Parker, a fine comic actress, seems to be stuck in a rut, playing roles that insist on pushing every modern-woman button in sight. This time, though, it's not the search for Mr. Right that motivates Parker's character, but the quest to find the perfect balance between job and family.
Parker's Kate is a Boston-based investment adviser with a husband (Greg Kinnear) and two young children. Kate's life consists of juggling a variety of domestic chores while striving to stay ahead of the game at work.
When she's offered the opportunity to woo an important client (Pierce Brosnan), Kate faces her biggest challenge. Brosnan's Jack Abelhammer is the kind of guy who insists that Kate be ready to travel on a moment's notice. Thanksgiving with the family? It can't be as important as a meeting with a client.
As directed by Douglas McGrath (Emma and Infamous), I Don't Know How She Does It vainly tries to be smart and topical, and you half suspect that McGrath & company are anticipating that hordes of middle-class working moms will identify like crazy as Kate tries to retain control over her chaotic life.
It's anything but easy. Harried and hassled, Kate buys a pie (instead of making it) for the bake sale at her daughter's school. She also endures the scornful slings and arrows of full-time moms who think a woman's place is on the treadmill - not the metaphoric one but the one at the local health club. OK, the movie made the point with some sort of stepping machine, but I couldn't come up with a strained metaphor for that particular instrument of torture ... er ... fitness. Trying to climb the ladder of success?
We move on.
As her professional demands mount, Kate inevitably neglects her husband, almost as much as the script does.
All of this stressed-out comedy comes across with enough annoying sitcom-level cleverness to make your eyes roll.
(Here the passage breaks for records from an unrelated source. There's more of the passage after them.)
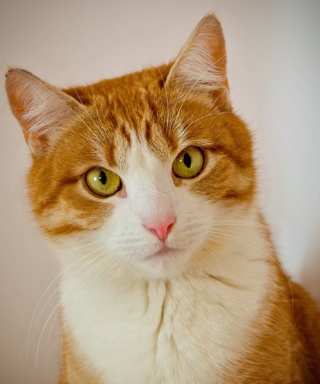Genial Cat - Obrázkek zdarma pro Nokia X3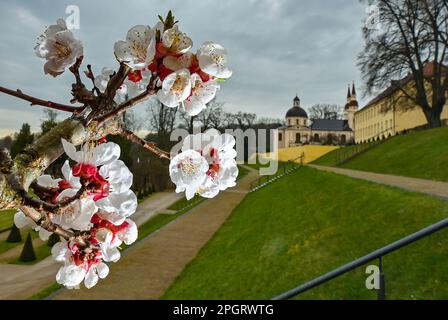 Neuzelle, Deutschland. 24. März 2023. Ein Aprikosenbaum blüht im Klostergarten der Neuzelle Abbey Foundation mit der protestantischen Kirche Neuzelle im Hintergrund. Die Abtei Neuzelle, etwa zehn Kilometer südlich von Eisenhüttenstadt, ist das einzige vollständig erhaltene Zisterzienserkloster in Brandenburg, einschließlich des Geländes, und eine der wenigen unzerstörten Klosterkomplexe in Deutschland und Europa. Kredit: Patrick Pleul/dpa/Alamy Live News Stockfoto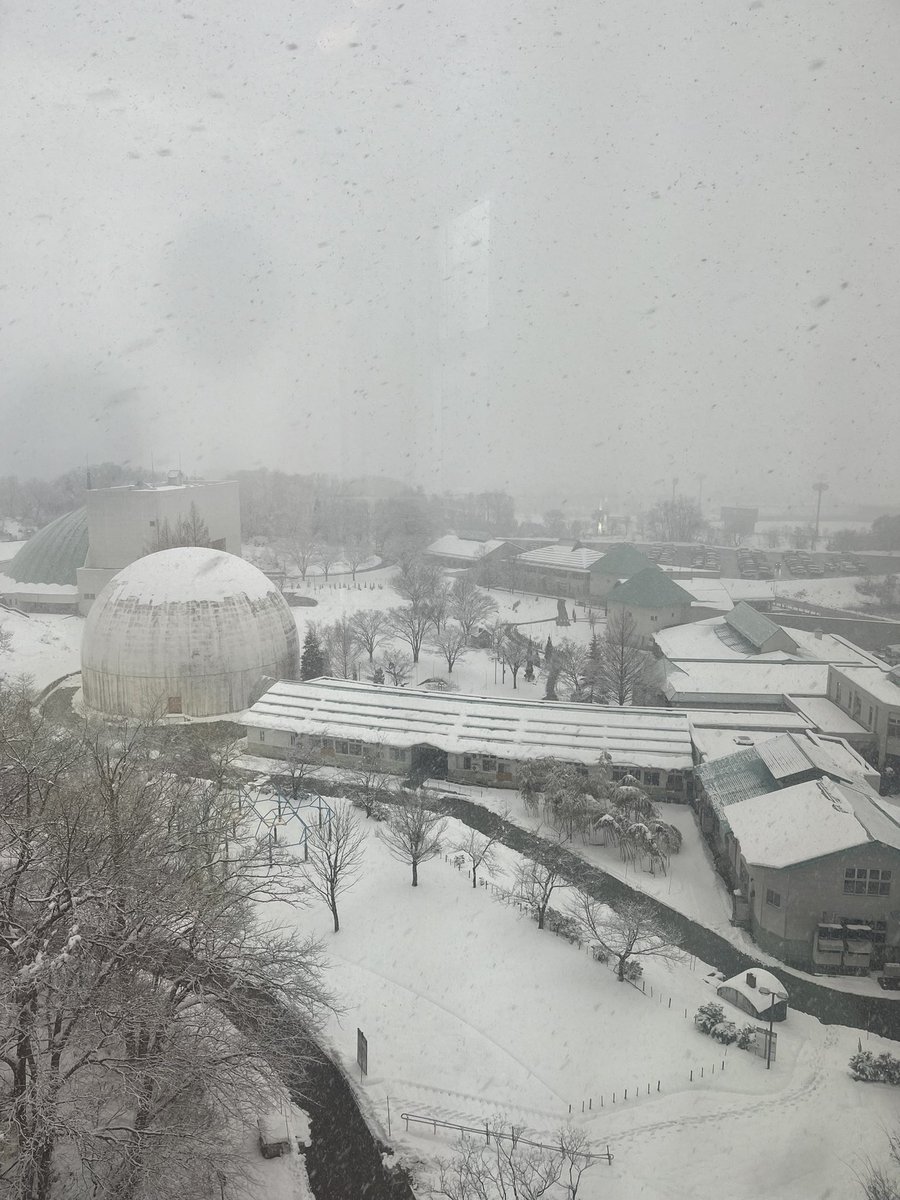 h_ovn's tweet photo. 雪😂⛄️ https://t.co/GTqdhfmm42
A high point arrives when Kate meets Brosnan's Jack for an all-important interview while simultaneously grappling with a case of lice that she's contracted from her daughter.
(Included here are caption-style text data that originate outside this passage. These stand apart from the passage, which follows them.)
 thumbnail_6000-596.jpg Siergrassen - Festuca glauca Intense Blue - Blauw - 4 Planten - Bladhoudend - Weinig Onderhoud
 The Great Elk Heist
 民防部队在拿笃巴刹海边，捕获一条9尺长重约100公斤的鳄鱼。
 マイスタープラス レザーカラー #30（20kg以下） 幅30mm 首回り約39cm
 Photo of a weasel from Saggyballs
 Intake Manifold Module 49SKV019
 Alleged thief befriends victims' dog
Parker can handle this kind of comedy with ease, but the movie's script - by Aline Brosh McKenna - seems like a collection of situations designed to illustrate points taken from some dog-eared manual on contemporary motherhood. Some of the points are made by Kate in the form glib narration and some are delivered by the movie's other actors, who've been asked to talk directly to the camera.
Joining Parker in this misbegotten comedy is Christina Hendricks (of TV's Mad Men). She's the movie's obligatory wisecracking best friend. Olivia Munn signs on as Momo, Kate's crackerjack, Harvard-educated assistant. Momo's extremely proficient, which means she's disdainful of Kate's tendency to become hopelessly scattered - until she, too, yields to the gospel of family.
Kelsey Grammer appears in a small role as Kate's boss, a taskmaster who insists that she spend lots of time traveling.
The best part of the movie involves the flirtatious relationship between Parker and Brosnan, who's convincing as a Wall Street wizard who operates in New York City, forcing Kate to make frequent trips from her Boston home.
Will Kate abandon her husband and kids and opt for the giddy pleasures of a mega career in investing? What do you think? No fair telling, except to say that at no point will you have trouble guessing where I Don't Know How She Does It is headed.